Come Prima
Il y a Giovanni, type assez falot, nerveux, sans doute rancunier. Et puis, il y a son frère, Fabio, le sanguin, le boxeur grossier, l’aventurier, celui qui pense qu’il ne doit rien à personne. Quand, après des années de séparation, le premier retrouve le second pour l’emmener rendre un ultime hommage au paternel décédé, c’est un road-movie sur les routes de France et d’Italie de la fin des années 1950 qui commence, lourd de secrets et de tensions…
Cette longue histoire de douloureuses et émouvantes retrouvailles a demandé près de trois ans de travail à Alfred (Pourquoi j’ai tué Pierre, Je mourrai pas gibier), qui a dû surmonter ses doutes et un véritable blocage créatif. Accumulant des notes disparates, il a finalement vu naître une fiction s’inspirant de sa famille d’origine italienne. À la fois drame familial, interrogations sur la paternité et hommage à la comédie transalpine des années 1960, Come Prima alterne les silence pesants et les éclats de voix, les séquences qui remuent les tripes et les scènes purement comiques. Et pour mieux poser le décor et expliquer la psychologie de ses personnages, Alfred convoque la grande Histoire et la montée du fascisme avant-guerre.

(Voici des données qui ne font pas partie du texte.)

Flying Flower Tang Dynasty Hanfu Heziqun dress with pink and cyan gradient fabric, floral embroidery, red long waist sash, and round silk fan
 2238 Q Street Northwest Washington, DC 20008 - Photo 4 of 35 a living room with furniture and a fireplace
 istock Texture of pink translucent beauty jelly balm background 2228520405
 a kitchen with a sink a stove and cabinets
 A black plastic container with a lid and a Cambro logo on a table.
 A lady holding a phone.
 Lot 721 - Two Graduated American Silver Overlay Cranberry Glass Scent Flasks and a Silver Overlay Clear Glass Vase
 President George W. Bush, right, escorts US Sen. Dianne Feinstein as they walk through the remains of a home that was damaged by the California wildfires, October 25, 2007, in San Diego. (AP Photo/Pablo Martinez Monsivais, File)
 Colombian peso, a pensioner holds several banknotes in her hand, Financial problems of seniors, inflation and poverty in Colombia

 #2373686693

Côté dessin, l’auteur déploie une palette lumineuse et variée, d’une ligne claire tendant à l’épure et évoquant Loustal, à un trait plus torturé ou granuleux, toujours au plus près du fond de son récit et des émotions naissant au détour de chaque page. Un graphisme exigeant et recherché, mais aussi immédiatement accessible.
La grande force de cet album au long cours (220 pages) est d’être, comme son auteur, à fleur de peau. De ne pas répondre à tout, de laisser la place à l’interprétation et au rêve, d’ouvrir la route vers des possibles et des terres ensoleillées. De venir du coeur autant que des méandres du cerveau, et de toucher juste à chaque séquence. Voilà ce qui en fait, au-delà d’une renaissance artistique pour son créateur, une des meilleures bandes dessinées de l’année.